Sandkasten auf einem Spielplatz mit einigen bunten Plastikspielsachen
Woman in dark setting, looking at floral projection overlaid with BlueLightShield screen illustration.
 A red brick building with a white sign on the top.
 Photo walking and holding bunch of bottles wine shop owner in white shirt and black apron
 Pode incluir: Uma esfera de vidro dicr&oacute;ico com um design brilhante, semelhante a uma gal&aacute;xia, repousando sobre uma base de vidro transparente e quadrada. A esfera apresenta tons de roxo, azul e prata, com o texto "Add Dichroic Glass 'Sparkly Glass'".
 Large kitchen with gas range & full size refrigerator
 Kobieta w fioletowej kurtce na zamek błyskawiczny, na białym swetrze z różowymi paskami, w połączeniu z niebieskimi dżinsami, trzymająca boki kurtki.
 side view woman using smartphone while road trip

▶ **WORK TO COMPLETE**: From the entries, copy every line in which the word "with" occurs.

▶ **SOLUTION BELOW**:
Woman in dark setting, looking at floral projection overlaid with BlueLightShield screen illustration.
 A red brick building with a white sign on the top.
 Large kitchen with gas range & full size refrigerator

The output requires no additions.